O drama israelense apresenta o envolvimento amoroso entre o rígido comandante Yossi (Ohad Knoller), um soldado numa base militar na fronteira com o Líbano, e o mais afável Jagger (Yehuda Levi), seu subalterno. Como o título em português já revela, a delicadeza dessa relação é entrecortada pelo pano de fundo bélico de uma trama na qual eles precisam esconder o amor dos demais membros da tropa e ainda conta com o fato de que uma recruta, Yaeli (Aya Steinovitz) tem interesse em um dos rapazes. Até hoje, a canção “Bo”, de Rita, é um pequeno hino cult/gay graças ao filme.



B: “Uma boa menina” (2014), de Desiree Akhavan

Encontrar um filme no qual um personagem bissexual não está envolvido numa fantasia sexual, não morra ou não diga “eu prefiro não me rotular” não é tão fácil, e por isso “Uma boa menina” se destaca. A comédia se passa em Nova York e tem uma pegada meio Woody Allen, meio Noah Baumbach, ou seja: faz comédia a partir de neuroses, tem diálogos marcantes e a presença de figuras hipsters bem atuais para contar a história da filha de imigrantes persas Shirin (Akhavan), que enfrenta o término de um relacionamento com Maxine (Rebecca Henderson).



T: “Minha vida cor de rosa” (1997), de Alain Berliner

O sensível drama de Berliner mostra a difícil transição de Ludovic (Georges du Fresne), uma criança nascida com a genitália masculina, mas que se identifica como menina. Ao passo que para ela é absolutamente normal assistir a programas infantis com a boneca Pam, querer usar vestidos ou dizer que pretende se casar com o filho do patrão do pai, a família passa por situações que vão do cômico ao trágico. O retrato da dificuldade de compreender o que se passa com a pequena Ludo também perpassa o preconceito e alienação da comunidade na qual as personagens se inserem, apesar do filme também focar em aspectos esteticamente mais fantasiosos de uma narrativa que apresenta o olhar de uma criança como perspectiva.

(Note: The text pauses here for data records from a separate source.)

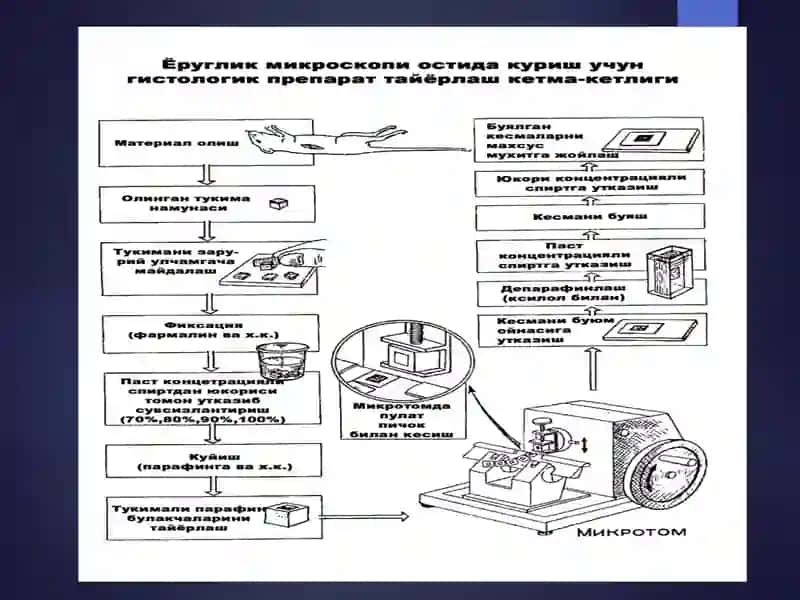 Цитология 3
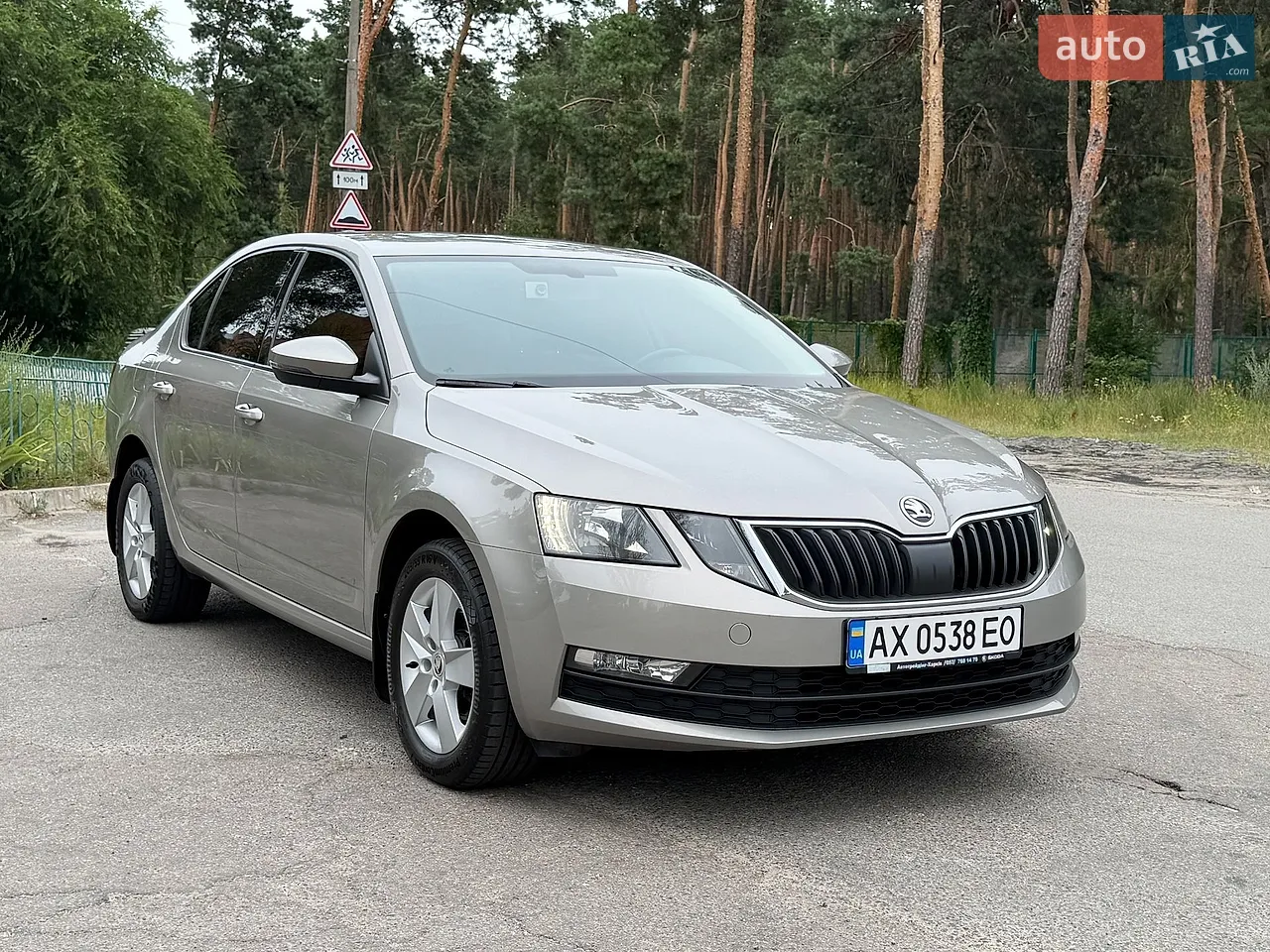 2018 Skoda Octavia - мініатюра 4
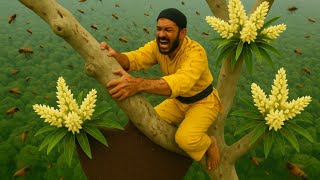 The Most Beautiful Cinnamon Tree – 200 Meters Tall and Absolutely Majestic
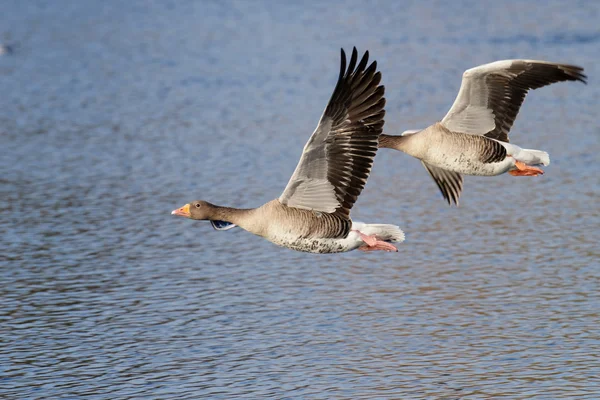 Greylag Goose, goose — Stock Photo, Image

+: “XXY” (2007), de Lucia Puenzo

Porque a sigal LGBT+ não é tão simples como parece, é mais que justo adicionar um filme como “XXY” na lista. Nele, Alex é uma pessoa intersexo que, aos 15 anos, toma remédios para suprimir as características físicas identificadas com o sexo masculino e se apresenta como uma garota. A mãe de Alex planeja em segredo uma cirurgia de redefinição sexual definitiva, ao passo que as experiências de Alex põem em cheque essa decisão. Essa co-produção Argentina-Espanha-França recebeu prêmios em diversos festivais, incluindo Cannes.